Okay, that's a matter of taste.


> > Now 
> > imagine that a year from now some programmer who hasn't read the email
> > archives comes along and notices this strange locktree() routine 
> > sitting there in hub.c.  He also notices that if every call to
> > locktree(u) were replaced with usb_lock_device(u) then everything
> > would work just as correctly as before.  Who could blame him for
> > making the replacements and removing locktree()?
> 
> There _is_ no usb_lock_device() call now (in 2.6.8) ... though at one
> point I thought we were actively discussing having one, with its
> implementation looking like locktree().

There is no usb_lock_device() at the moment, but I'll send the patch in to
Greg when he gets back.  A year from now it _will_ exist (I hope!).


> One of the things I like most about locktree() is that the locking
> hierarchy itself is so simple:  lock parent first.  Since root hubs have
> no parent, that's where the recursion bottoms out. Everything else
> is a natural consequence of following that lock hierarchy.

My approach can also be described as "lock parent first" -- that's the
nice thing about ambiguous catch-phrases!  In your case it means "always
lock the parent before locking the child".  In my case it means "if you're 
going to lock both the parent and the child, the one to lock first is the 
parent".


> > I don't understand the distinction you're making between "task"
> > serialization and "device" serialization.
> 
> If two tasks work on possibly disjoint trees, each with a
> bunch of devices (including hubs), the difference shows
> up with all devices in the intersection of those trees.  For
> any device, one task was first ... that's a guarantee from
> device serialization.  Task serialization goes further, and
> guarantees that the _same_ task was always first. 

Okay, clear enough.  My algorithms are task-serialized.  If two tasks are
working on overlapping subtrees, then (since one subtree is necessarily a
sub-subtree of the other) the task that first locks the head of the inner
subtree will visit each device in the inner subtree first, just as with
locktree.


> > My approach _never_ involves locking a parent while holding a child's
> > lock, so at least it's opposed to parent-after-child.  Is that enough
> > to make my approach is equivalent to locktree?  :-)
> 
> Not equivalent in terms of work; it adds extra passes.
> Or concurrency ... it grabs some locks earlier  than they're
> needed.

Could you explain that last statement?  My algorithm doesn't grab any lock
earlier than the current code does.  And I don't think it grabs any locks
before they are needed.


> > This is a more complicated issue than your description would indicate.
> > If the set of nodes in a subtree can change (because children are
> > added) during a traversal, you have to specify very carefully which
> > nodes you want to visit. ...
> 
> That's all part of the algorithm definition, as I said.  

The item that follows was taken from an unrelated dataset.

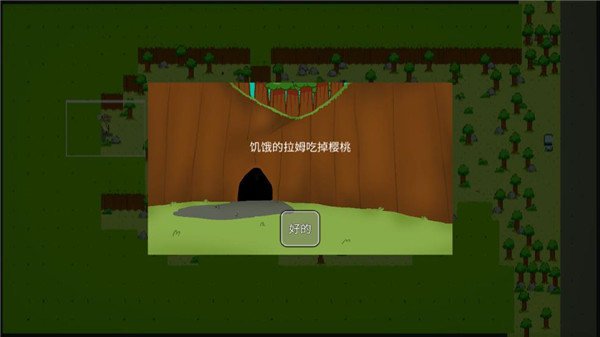 饑餓的拉姆游戲中文版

As you _didn't_ say!  You left all discussion about whether to visit
newly-added children out of the algorithm definition.  In the absence of
any other evidence I would normally believe that the definition, as you
stated it, was intended to apply only in situations where the tree was
static.  For dynamic trees a more careful statement would be needed.

You mentioned that postfix-order locking can't be used with a
prefix-order algorithm.  In a narrow sense that's true.  But if you're
willing to allow multiple passes then you could construct a larger
algorithm that grabs the locks in prefix order to prevent the tree from
changing, then applies the static-tree algorithm in whatever order it
likes, then releases the locks in postfix order.  In this larger sense the 
order of locking is totally unrelated to the traversal order of the 
inner algorithm.


> > No.  When I wrote the preceding message I was speaking in the context
> > of the current kernel code, which doesn't include usb_lock_device().
> > When that routine gets merged back in, I would rather say that locking
> > device nodes means calling usb_lock_device() for the first lock a task
> > acquires and doing down(serialize) for subsequent nested locks.  At
> > any rate, it definitely does not mean calling locktree() -- in fact it
> > refers to the individual locking operations that comprise locktree().
> 
> Hmm, so #define usb_lock_device(x) locktree(x) would fit?

Actually it would.  Except that when the usb_lock_device patch appears, 
you'll see that the non-recursive part of locktree() -- locking the root 
hub -- calls usb_lock_device().  That part of locktree() would have to be 
changed to do what usb_lock_device() does, i.e., acquire the 
usb_all_devices_rwsem readlock.


> > > they added a "must own parent lock" rule.
> 
> >     (a) The algorithms have no such rule; it's not clear why you
> >     say they do. 
> 
> Your pseudocode showing the parent lock getting grabbed
> before the child lock, and other comments you've made!!

I misunderstood what you were getting at.  Yes, my suspend_subr routine
requires the caller to own u's device lock and it treats u as a parent, so
in that sense it does have a "must own parent lock" rule.  That's not how
I think of it though; I view it as a "caller must own the device lock"  
rule.  The same rule is present in several routines throughout usbcore, so
there doesn't seem to be anything remarkable about having it here.  In
fact it's a direct application of the "no-parent" rule: You're going to 
suspend u so you must own u's lock.

> Certainly in any case where you grab parent and child locks,
> you grab parent first.

That's an application of the "never lock the parent after locking the 
child" rule (or as I like to think of it, "lock parent first"!).

> > (c) After some more thought, I decided it would be better to
> >     require the caller to own the lock on the topmost device
> >     being suspended or resumed.  
> 
> That's what the usbcore-internal routine (__usb_suspend_device)
> does.  When called from sysfs, we know that the caller does NOT
> have that lock.

Sure.  My suggestion is that we eliminate usb_suspend_device, rename
__usb_suspend_device to usb_suspend_device, and move the locktree() call
into the sysfs code.

A prerequisite change is something I have already put into the
usb_lock_device patch -- make usb_suspend_device release the lock that it
acquires instead of having __usb_suspend_device release it.  Remember:
"Release a lock in the same routine that acquired it"... you violated one
of your own design rules.  :-)


> > P.S.: Ironically, even though I object to locktree in part because of
> > the unnecessary delays it can cause, I wouldn't mind so much getting
> > rid of usbdev->serialize entirely and just using a single semaphore to
> > lock an entire bus.  
> 
> Well, those "unnecessary" delays relate entirely to task serialization;
> and you seem to have restored a few of them by moving towards
> algorithms that use multiple locking passes!

Only one algorithm, and as I said above, although the locks are released
later the devices become accessible earlier.

> I think having a single lock is a bit far from being fully workable
> right now, but "grand simplifications" often look interesting!

It may not be as far as you think.  After usb_lock_device is in place --
and it's already written -- all that's needed is to remove all calls to
down(serialize) and up(serialize), make locktree() and usb_lock_device()
acquire the single bus-wide semaphore, and make usb_unlock_device()
release it.

I'm not seriously suggesting doing this, though.  Vendors are moving 
toward EHCI controllers with lots of ports; even without external hubs 
such systems would be penalized by this approach.